Writing in Oxford

So, I am here.

At one of the centres for knowledge, surrounded by amazing opportunities for research, for connecting with other academics, for reading academic stuff, but also literature (in Oxford, you really can’t miss that Philip Pullman wrote another book from the world of His Dark Materials) and for engaging with knowledge in the broadest sense. I have to admit, I am a bit overwhelmed.
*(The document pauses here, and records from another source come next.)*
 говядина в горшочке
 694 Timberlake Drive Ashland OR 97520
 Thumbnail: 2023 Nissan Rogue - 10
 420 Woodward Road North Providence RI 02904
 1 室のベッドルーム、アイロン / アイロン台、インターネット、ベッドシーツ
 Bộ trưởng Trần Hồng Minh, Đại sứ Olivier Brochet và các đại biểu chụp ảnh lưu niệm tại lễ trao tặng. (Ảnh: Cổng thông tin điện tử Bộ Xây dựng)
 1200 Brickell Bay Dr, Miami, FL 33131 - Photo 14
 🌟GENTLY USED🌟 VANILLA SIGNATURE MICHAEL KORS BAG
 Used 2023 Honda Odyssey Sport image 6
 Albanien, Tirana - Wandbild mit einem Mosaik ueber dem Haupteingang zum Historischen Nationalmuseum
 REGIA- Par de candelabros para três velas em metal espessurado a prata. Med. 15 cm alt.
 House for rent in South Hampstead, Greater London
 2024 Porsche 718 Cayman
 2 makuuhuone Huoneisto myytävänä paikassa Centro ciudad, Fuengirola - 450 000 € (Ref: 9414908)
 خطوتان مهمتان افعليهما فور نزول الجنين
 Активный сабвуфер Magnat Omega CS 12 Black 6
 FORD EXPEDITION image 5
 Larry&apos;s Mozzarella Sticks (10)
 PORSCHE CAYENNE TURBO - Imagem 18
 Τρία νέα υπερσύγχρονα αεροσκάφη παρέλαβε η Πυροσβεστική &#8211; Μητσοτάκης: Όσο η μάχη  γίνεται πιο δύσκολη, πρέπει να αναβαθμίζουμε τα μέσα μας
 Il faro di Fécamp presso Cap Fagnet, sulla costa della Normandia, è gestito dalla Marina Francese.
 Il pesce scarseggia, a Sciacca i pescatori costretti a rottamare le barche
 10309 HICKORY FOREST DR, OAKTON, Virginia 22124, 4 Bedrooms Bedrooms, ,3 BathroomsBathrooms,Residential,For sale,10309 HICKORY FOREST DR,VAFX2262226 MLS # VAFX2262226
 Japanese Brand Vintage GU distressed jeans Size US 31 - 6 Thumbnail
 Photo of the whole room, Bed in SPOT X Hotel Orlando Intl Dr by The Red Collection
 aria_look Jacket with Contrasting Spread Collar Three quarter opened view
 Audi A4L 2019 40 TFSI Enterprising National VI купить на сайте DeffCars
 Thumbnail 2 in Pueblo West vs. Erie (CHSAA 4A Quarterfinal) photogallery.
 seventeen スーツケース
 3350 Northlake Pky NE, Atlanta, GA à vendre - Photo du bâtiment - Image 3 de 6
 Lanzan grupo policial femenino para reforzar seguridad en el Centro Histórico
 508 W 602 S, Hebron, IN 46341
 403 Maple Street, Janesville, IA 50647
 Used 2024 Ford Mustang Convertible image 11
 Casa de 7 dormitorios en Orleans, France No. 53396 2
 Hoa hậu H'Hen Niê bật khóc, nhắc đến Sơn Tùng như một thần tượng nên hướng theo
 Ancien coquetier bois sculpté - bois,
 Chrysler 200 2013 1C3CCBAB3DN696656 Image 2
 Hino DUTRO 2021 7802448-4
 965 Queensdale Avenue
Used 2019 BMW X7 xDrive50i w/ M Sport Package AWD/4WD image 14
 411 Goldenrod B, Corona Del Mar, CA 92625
I managed to have a few enjoyable discussions with other academics, engaging with their work and thinking about different stuff, just not as much as I would like, and not as intense as I usually experience it during conference season.
I managed to read a bit, but nothing from beginning to end, so more of a browsing through. I bought books – ok, I already bought a lot of books and now my tiny book shelf here in my Oxford flat is already full, and I need to think about what to do about it. I mean, I could read some of these books, and then just send them home to Germany where I have larger bookshelves (though, also quite full – if anyone knows how to implement the TARDIS/Mary Poppins’ bag/Hermione’s bag technology or magic into bookshelves, please let me know!)
And I even managed to do some research in a few of my projects, joined a writing partnership (shout out to Stephen, sitting beside me and working on an important chapter) which definitely helps to keep on track with Deposing Monarchs, and I am now preparing my first funding application for an event I am hoping to host here in Oxford. But still, in nearly everything I do, I am feeling a bit overwhelmed, and I definitely underestimated how long it takes to get you set up in a new environment, from bank account to phone to reader card for the British Library.
Now, after more than a month of living in the UK, I feel like it’s slowly coming together. Getting to know the city (I am in love with the Botanical Garden, and the libraries in All Souls College and Worcester College), diving into enjoyable research questions on war organisation in the Baltic and figuring out where to add something substantial to this discussion, realising that there are so many historians around that I might not get the chance to talk with everyone (although I will try!) or go to every research seminar, and starting to read two fun books at once.

So, is it time to start figuring out the equally overwhelming cultural options in Oxford? There is theatre, the events from Blackwells and Waterstones, lots of music, and christmas coming up (I solemny swear that I will refrain from buying and wearing earrings in the shape of christmas baubles). Or, is it time to really buckle down, and make use of all the academic resources I am getting slowly used to? The third option would be to learn to skip sleep, or to add more hours to the day – but that is even more unrealistic than adding a small extra dimension in my bookshelves to add more books!